# YOUR GOAL
Look in the material below for the line holding "Scarpe da uomo: Bottes". Set it down exactly, with each later line up to and including the line holding "BENELLI 750 Sei".

# PROVIDED RECORDS
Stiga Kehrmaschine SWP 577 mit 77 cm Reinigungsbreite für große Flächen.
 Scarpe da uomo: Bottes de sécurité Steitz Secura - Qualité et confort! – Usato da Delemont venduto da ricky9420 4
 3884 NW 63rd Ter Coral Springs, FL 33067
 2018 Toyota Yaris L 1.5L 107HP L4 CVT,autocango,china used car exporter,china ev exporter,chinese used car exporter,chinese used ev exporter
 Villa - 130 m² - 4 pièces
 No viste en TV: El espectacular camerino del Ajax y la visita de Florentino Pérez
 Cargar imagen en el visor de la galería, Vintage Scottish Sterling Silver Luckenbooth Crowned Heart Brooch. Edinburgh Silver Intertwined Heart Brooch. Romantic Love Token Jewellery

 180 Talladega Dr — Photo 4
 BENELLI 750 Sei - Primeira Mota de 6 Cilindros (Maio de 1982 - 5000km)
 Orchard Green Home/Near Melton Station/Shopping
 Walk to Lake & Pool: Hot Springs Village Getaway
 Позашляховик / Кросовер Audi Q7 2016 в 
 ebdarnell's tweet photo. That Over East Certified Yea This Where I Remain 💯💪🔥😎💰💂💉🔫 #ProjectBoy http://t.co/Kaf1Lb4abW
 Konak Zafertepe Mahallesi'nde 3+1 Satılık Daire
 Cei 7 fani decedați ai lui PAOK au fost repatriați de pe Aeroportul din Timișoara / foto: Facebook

# EXERCISE RESULT
 Scarpe da uomo: Bottes de sécurité Steitz Secura - Qualité et confort! – Usato da Delemont venduto da ricky9420 4
 3884 NW 63rd Ter Coral Springs, FL 33067
 2018 Toyota Yaris L 1.5L 107HP L4 CVT,autocango,china used car exporter,china ev exporter,chinese used car exporter,chinese used ev exporter
 Villa - 130 m² - 4 pièces
 No viste en TV: El espectacular camerino del Ajax y la visita de Florentino Pérez
 Cargar imagen en el visor de la galería, Vintage Scottish Sterling Silver Luckenbooth Crowned Heart Brooch. Edinburgh Silver Intertwined Heart Brooch. Romantic Love Token Jewellery

 180 Talladega Dr — Photo 4
 BENELLI 750 Sei - Primeira Mota de 6 Cilindros (Maio de 1982 - 5000km)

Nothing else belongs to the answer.